# ABOUT THIS TASK
Where the line containing "Mono Lake Tufa State Reserve California USA View" appears, begin retyping; continue exactly through the final line of the data. Omit every picture.

# SUPPLIED MATERIAL
* * *
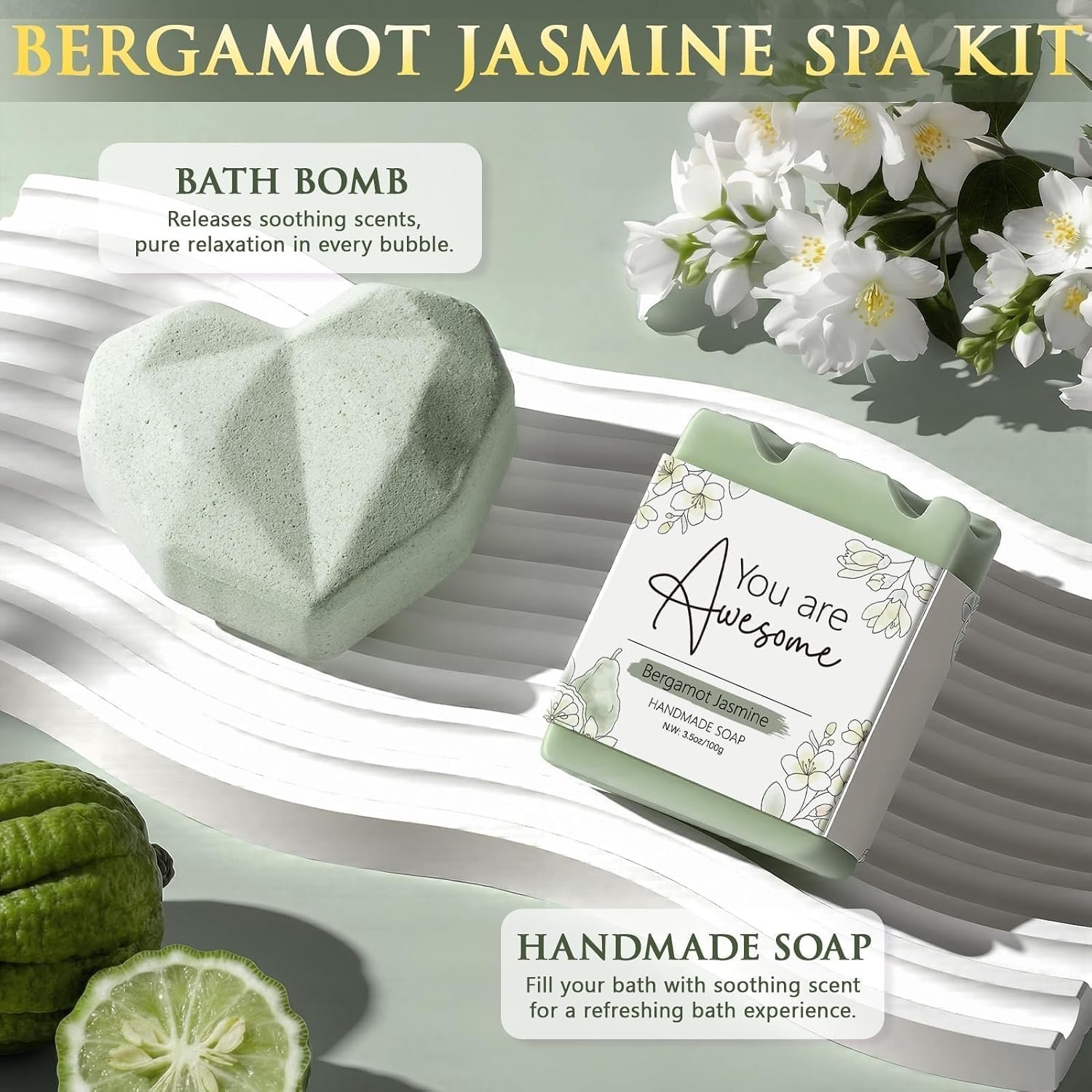 Birthday Gifts for Women - Get Well Soon Care Package Self Care Gift Basket | After Surgery & Cancer Care, Luxury SPA Inspirational Thinking of You Sympathy Thank You Gift Set for Mom Her Friend Sister - Image 9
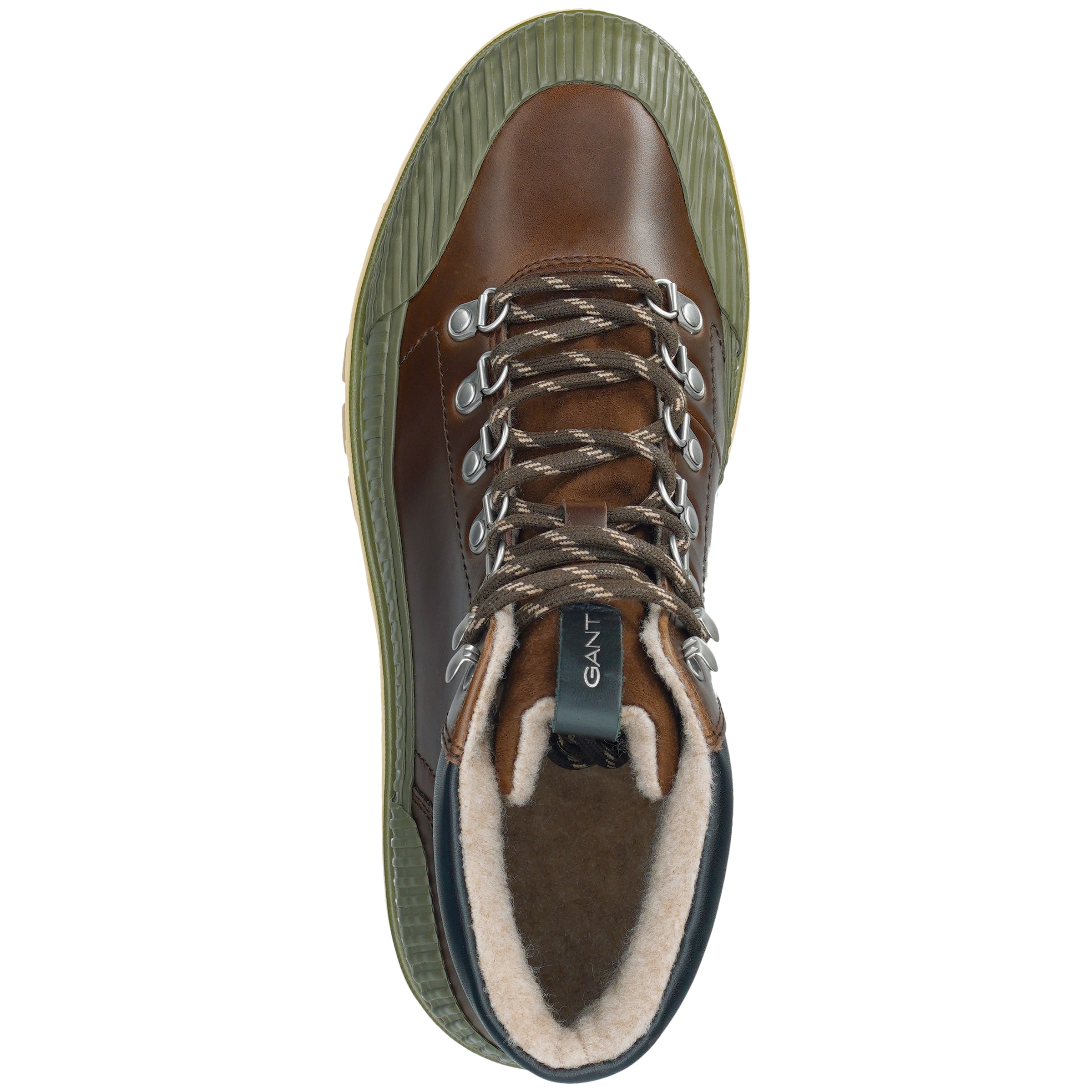 Gant Winterboots »Nebrada«, Schnürboots, Outdoorschuh mit Warmfutter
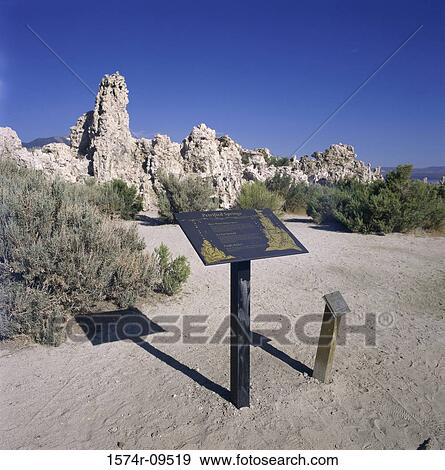 Mono Lake Tufa State Reserve California USA View Large Photo Image Stock Photo - Mono Lake Tufa State Reserve California USA. Fotosearch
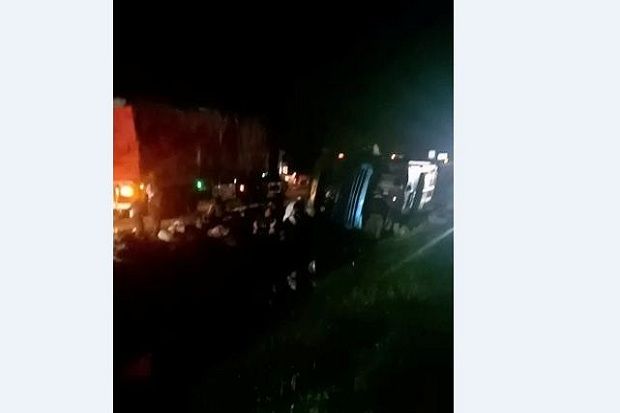 Beredar Video 3 Mobil Kecelakaan di Tol Cipali, Polres Majalengka: Tidak Ada Korban Jiwa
* * *
# OUTPUT OF THE EXERCISE
 Mono Lake Tufa State Reserve California USA View Large Photo Image Stock Photo - Mono Lake Tufa State Reserve California USA. Fotosearch
 Beredar Video 3 Mobil Kecelakaan di Tol Cipali, Polres Majalengka: Tidak Ada Korban Jiwa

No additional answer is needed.